FIG. 5 is a schematic flowchart illustrating a data storage method for a relation network, according to some embodiments. The relation network includes a plurality of nodes and edges connecting the edges, and the edges include one or more edge data items and corresponding data values. The method can be performed by a computing device. The method is used to store the edges in the relation network in a non-volatile storage, and specifically includes the following step S510 to S550.
In step S510, a storage request is received.
The storage request is used to store a first edge using a first node as a starting node in the non-volatile storage, the first edge includes a first edge data item and a corresponding data value, and the data belong to data of the first edge. The first node is any node. There can be one or more first edge data items. The first edge can be stored after storage of the first node is completed, or can be stored in the storage together with the first node as requested.
The storage request can be obtained based on a user operation, can be sent by another device to the computing device, or can be sent by another module in the computing device to a CPU, or there can be any other possible method.
In step S520, the first edge is stored in the storage, and location information of the first edge is determined. This step can be performed based on an existing storage method. Details are omitted here for simplicity.
In step S530, one or more index blocks associated with the first node are obtained from the storage.
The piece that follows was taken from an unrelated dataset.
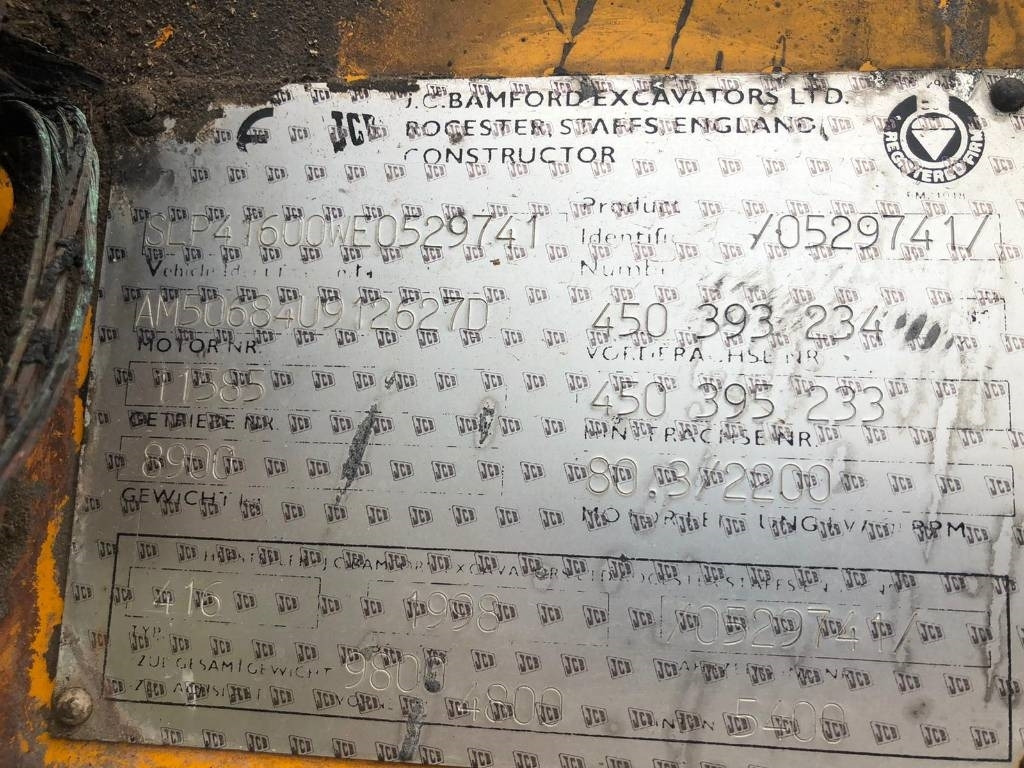 Wheel loader JCB 416 B FOR PARTS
When the first node is stored in the storage, the one or more index blocks associated with the first node can be established, and locations to be written of the one or more index blocks are recorded. The locations to be written are locations to be written in the storage. A quantity of index blocks can be set as needed.
After the one or more index blocks are established, the locations to be written of the one or more index blocks associated with the first node can be directly obtained from the storage as needed.
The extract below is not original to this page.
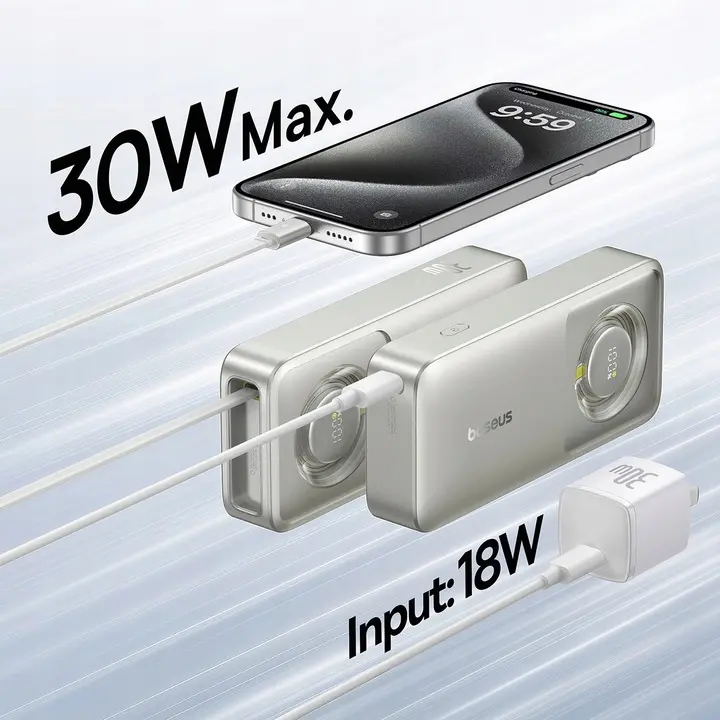 Powerbank Baseus Free2Pull 10000mAh 30W Wbudowany kabel Szary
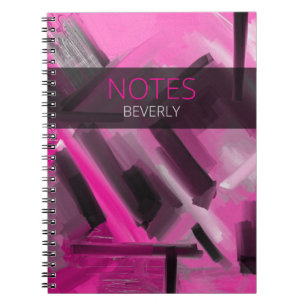 Pink & Black Contemporary Art & Typography Notebook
When nodes stored in the storage are stored based on hash values, the storage can be searched for the first node based on a hash value of the first node, and the locations to be written of the one or more index blocks associated with the first node can be obtained based on the identified first node. The locations to be written can be recorded in location information of the index blocks.
In step S540, a first index block corresponding to the first edge data item is determined from the one or more index blocks based on a correspondence between an index block and an edge data item.
When the locations to be written of the one or more index blocks are obtained in step S530, in step S540, a location to be written of the first index block corresponding to the first edge data item can be determined from the locations to be written of the one or more index blocks based on the correspondence between an index block and an edge data item.
In step S550, the data value of the first edge data item and the location information of the first edge are recorded in the first index block. Specifically, the data value of the first edge data item and the location information of the first edge can be recorded in the first index block based on the location to be written of the first index block.
When the relation network is stored in the above-mentioned storage based on a structure of a data layer, the storage request is used to store the first edge in a first data layer of the storage. The first data layer is any data layer, for example, can be an upper data layer or a lower data layer in the storage. The storage request can be generated when data in a memory layer need to be merged into a file layer, or can be generated when merging is performed from an upper data layer in the file layer into a lower data layer. Steps S520 to S550 can be performed for the first data layer.
In these implementations, in step S520, the first edge can be stored in the first data layer, and location information of the first edge in the first data layer can be determined. In step S530, the one or more index blocks associated with the first node are obtained from the first data layer.
In some implementations, data of the relation network stored in the storage can be stored in a form of a data file based on the structure of a data layer. In a data layer, data of nodes and edges can be stored in one or more data files (for example, bin files). Generally, in a data layer, a node and degree-1 edges of the node can be stored in a same data file. The above-mentioned storage request is used to store the first edge in a first data file of the first data layer, and the first data file can be any data file of the first data layer. Steps S520 to S550 can be performed for the first data file.
In these implementations, in step S520, the first edge can be stored in the first data file, and location information of the first edge in the first data file can be determined. In step S530, the one or more index blocks associated with the first node are obtained from the first data file.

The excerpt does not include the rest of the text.